ENTRIES SHOWN ::
Segment Open

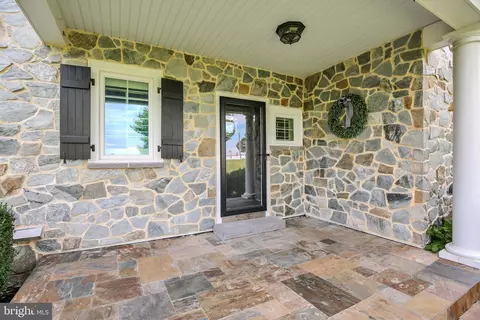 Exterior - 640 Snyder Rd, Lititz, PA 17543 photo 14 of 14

Segment Closed
Segment Open

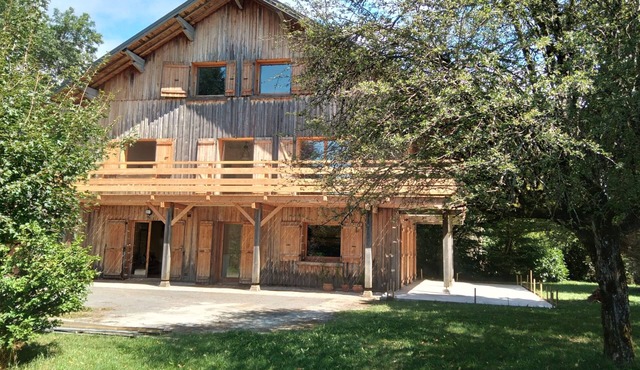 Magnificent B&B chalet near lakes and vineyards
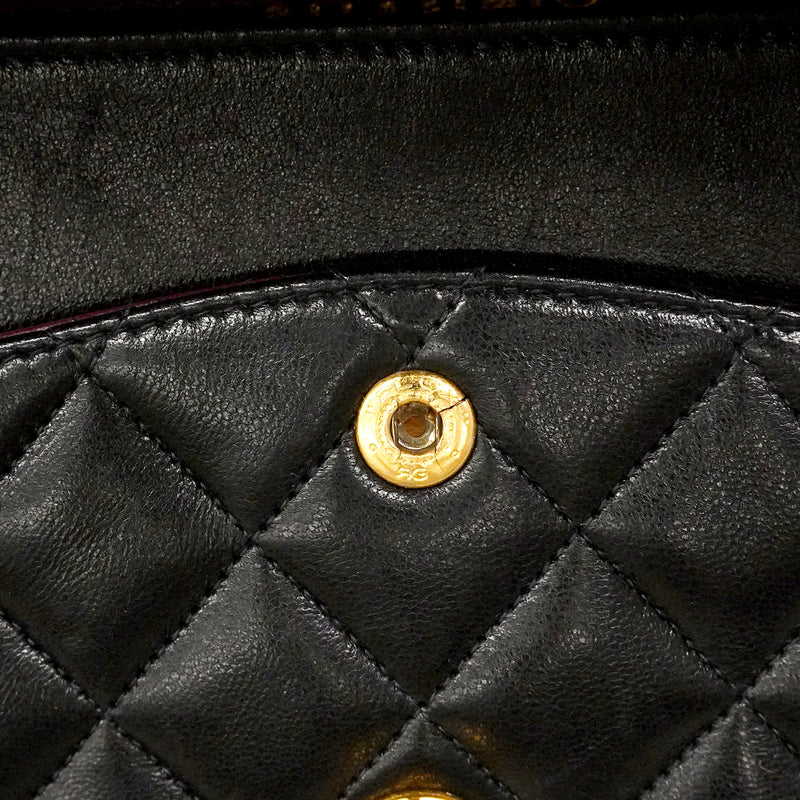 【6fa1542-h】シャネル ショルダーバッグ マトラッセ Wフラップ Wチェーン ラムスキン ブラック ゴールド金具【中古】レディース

Segment Closed
Segment Open

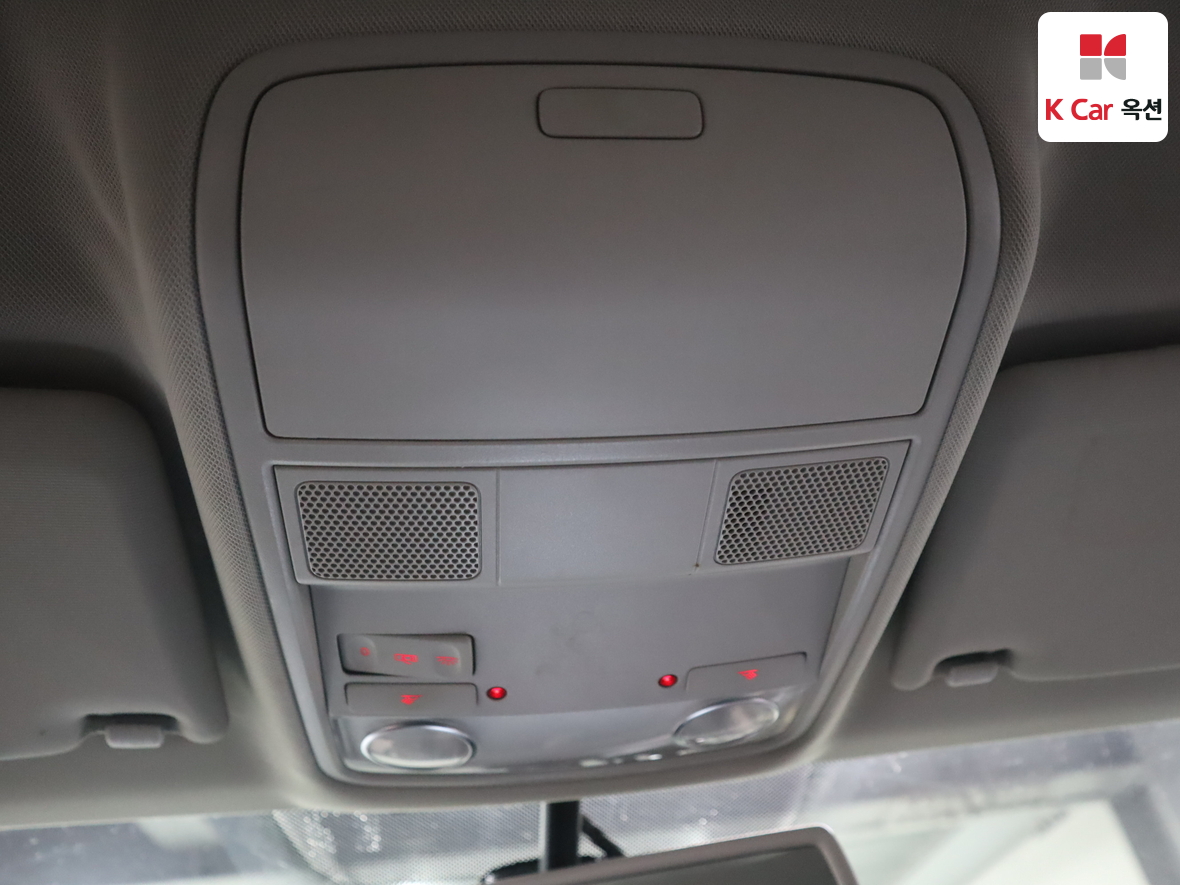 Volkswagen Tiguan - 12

Segment Closed

PROBLEM TO WORK ON ::
Your copy should hold only the lines above from the one containing "Magnificent B&B chalet" through the one containing "ラムスキン ブラック ゴールド金具【中古】レディース", exactly as written and free of pictures.

ANSWER FOR THE TASK ::
 Magnificent B&B chalet near lakes and vineyards
 【6fa1542-h】シャネル ショルダーバッグ マトラッセ Wフラップ Wチェーン ラムスキン ブラック ゴールド金具【中古】レディース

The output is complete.